[Provided material]
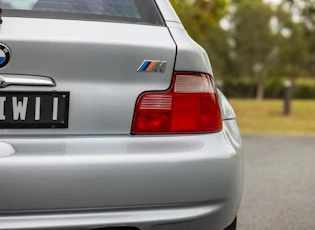 1998 BMW Z3 M Coupe - Image 18 of 21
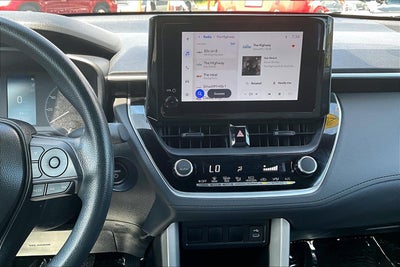 2025 Toyota Corolla Cross Hybrid S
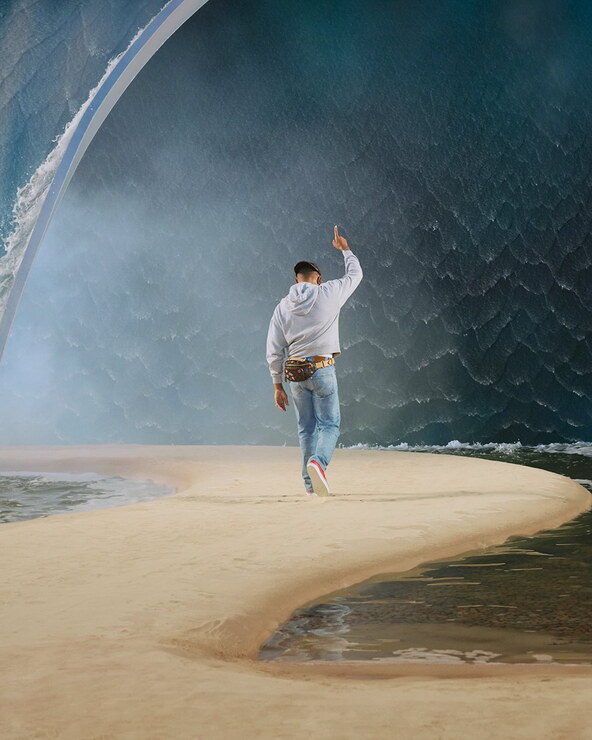 Louis Vuitton Men SS27 Pariz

[Task brief]
Would you please write out exactly the lines between the line containing "2025 Toyota Corolla Cross Hybrid S" and the last line of the listing above, inclusive, without pictures?

[Written reply]
 2025 Toyota Corolla Cross Hybrid S
 Louis Vuitton Men SS27 Pariz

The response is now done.